In less than a year after state-run Energy Efficiency Services Ltd (EESL) floated a tender for 10,000 electric cars amid much fanfare, India's EV growth story seems to be headed in a wrong direction. According to a report in Livemint, senior government officials have refused to use electric cars made by homegrown carmakers - Mahindra and Mahindra and Tata Motors - due to poor performance and low mileage.
Out of the first lot of 500 electric vehicles in the first phase, Tata Motors was to supply 350 units of its e-Tigor, and Mahindra & Mahindra got the order for 150 cars. "Both models failed to run even 80-82km on a single charge within city limits," the report quoted an official from the ministry as saying. Battery capacity was not up to the mark, compared to global standards, it said.
Taking into consideration the shortcomings of e-Verito, Mahindra is now developing a new electric vehicle that gives more mileage, the report added.
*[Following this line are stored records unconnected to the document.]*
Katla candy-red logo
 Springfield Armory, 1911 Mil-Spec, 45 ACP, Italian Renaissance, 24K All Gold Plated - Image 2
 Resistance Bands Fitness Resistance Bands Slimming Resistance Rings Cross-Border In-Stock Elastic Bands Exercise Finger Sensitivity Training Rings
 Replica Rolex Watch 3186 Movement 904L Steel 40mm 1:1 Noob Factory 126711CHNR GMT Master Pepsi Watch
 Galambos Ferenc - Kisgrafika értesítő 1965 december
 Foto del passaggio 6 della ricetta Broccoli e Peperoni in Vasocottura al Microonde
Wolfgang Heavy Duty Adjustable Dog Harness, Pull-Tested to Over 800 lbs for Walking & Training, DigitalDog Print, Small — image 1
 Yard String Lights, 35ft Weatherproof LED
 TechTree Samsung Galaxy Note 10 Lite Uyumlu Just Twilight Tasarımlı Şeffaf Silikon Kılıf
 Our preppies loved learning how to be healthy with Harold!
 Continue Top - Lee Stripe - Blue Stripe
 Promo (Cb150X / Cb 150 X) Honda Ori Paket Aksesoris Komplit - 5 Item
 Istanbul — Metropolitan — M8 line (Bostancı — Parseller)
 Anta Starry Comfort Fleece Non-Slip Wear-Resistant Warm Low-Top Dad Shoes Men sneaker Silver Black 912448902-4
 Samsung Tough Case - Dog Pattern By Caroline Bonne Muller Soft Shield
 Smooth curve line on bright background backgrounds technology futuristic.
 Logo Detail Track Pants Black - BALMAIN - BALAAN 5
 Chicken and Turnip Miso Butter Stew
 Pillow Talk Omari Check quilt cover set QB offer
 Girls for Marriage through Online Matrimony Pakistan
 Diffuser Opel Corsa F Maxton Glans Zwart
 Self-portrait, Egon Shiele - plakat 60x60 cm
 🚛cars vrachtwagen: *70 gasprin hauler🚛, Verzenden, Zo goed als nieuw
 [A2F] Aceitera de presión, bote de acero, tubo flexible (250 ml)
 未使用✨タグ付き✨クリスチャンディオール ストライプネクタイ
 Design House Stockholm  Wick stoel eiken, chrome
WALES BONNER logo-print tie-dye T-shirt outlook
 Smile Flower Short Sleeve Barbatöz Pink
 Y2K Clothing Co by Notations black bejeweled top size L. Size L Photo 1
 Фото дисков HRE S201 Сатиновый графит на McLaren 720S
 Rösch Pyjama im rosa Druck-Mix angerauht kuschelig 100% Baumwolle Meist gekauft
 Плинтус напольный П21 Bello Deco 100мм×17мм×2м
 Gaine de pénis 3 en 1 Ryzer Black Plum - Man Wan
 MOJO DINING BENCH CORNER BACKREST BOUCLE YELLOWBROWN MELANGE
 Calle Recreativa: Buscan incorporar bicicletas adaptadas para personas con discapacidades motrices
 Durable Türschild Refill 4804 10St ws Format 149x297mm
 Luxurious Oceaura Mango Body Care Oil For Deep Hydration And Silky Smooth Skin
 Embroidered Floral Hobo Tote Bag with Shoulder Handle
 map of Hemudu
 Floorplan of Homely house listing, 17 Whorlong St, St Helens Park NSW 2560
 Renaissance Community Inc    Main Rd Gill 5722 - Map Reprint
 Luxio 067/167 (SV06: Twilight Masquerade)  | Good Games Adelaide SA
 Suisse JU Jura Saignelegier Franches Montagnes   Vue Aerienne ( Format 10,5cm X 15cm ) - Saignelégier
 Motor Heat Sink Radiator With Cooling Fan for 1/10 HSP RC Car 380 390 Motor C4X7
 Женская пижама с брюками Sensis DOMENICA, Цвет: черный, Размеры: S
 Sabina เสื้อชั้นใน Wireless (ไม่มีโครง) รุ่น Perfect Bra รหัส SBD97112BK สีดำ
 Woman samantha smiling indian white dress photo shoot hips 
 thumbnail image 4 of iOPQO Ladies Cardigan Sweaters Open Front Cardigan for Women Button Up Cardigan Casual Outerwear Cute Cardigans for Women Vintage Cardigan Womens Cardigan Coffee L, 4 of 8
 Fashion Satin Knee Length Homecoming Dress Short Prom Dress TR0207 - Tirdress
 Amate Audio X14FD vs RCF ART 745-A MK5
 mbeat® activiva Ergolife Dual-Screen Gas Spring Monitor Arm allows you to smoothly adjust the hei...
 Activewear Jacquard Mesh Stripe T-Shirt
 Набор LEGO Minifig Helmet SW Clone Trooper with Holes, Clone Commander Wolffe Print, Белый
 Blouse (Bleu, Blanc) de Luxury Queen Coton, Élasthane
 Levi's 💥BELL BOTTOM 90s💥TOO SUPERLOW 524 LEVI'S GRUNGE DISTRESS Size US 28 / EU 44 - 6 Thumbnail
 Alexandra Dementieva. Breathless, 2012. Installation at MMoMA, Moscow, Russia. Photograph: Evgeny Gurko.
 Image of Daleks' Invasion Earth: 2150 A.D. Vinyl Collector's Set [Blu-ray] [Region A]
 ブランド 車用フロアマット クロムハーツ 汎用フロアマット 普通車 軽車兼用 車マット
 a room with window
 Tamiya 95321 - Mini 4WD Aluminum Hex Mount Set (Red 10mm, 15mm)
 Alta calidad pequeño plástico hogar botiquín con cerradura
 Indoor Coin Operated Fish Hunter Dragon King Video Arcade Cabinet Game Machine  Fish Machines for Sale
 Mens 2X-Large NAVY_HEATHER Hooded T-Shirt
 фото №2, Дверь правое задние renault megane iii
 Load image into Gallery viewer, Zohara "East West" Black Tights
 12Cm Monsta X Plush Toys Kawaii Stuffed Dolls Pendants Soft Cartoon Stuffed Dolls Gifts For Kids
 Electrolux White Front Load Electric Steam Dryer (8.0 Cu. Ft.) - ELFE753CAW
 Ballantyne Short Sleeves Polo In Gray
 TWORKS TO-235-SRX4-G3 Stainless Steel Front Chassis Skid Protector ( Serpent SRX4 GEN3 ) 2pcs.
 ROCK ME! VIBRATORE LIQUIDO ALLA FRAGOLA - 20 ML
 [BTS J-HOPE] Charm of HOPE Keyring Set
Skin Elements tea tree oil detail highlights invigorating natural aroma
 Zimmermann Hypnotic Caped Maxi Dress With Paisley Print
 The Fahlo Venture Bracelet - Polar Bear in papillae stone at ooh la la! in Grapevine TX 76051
EESL, a joint venture of four power public sector units, which is spearheading electrification of the 5-lakh odd cars used by the government for official use told the daily: "Since it is a new technology, we wanted to gain confidence on our products before delivering it to our clients... We will be deploying about 200-250 electric vehicles by mid-July. The conditions of the second tender are being re-evaluated and will be released soon. EESL will continue to enable more energy and fuel savings by creating a robust market for e-mobility in India."
Earlier this year, EESL pushed back its plans for putting the first batch of battery-driven cars - procured under the first tender floated last August - on the roads by nearly a year. This was mainly due to the lack of infrastructure in terms of charging points for e-vehicles.
EESL had floated a tender for 4,000 charging stations in September last year, around the same time as its tender for cars, but it had to be scrapped due to the lack of clarity on specifications and the criteria for testing the chargers. Then, it invited a snap bid for 300 charging stations in late October, which also had to be cancelled. After that, another tender for setting up of 250 charging stations in Delhi-NCR was floated in November; it was awarded to Exicom Power Solutions and EVI Technologies.
Tata Motors had won the tender with a winning bid of Rs 11.2 lakh for its electric Tata Tigor, a price that was later matched by Mahindra & Mahindra for its e-Verito in the first phase of procuring 500 vehicles.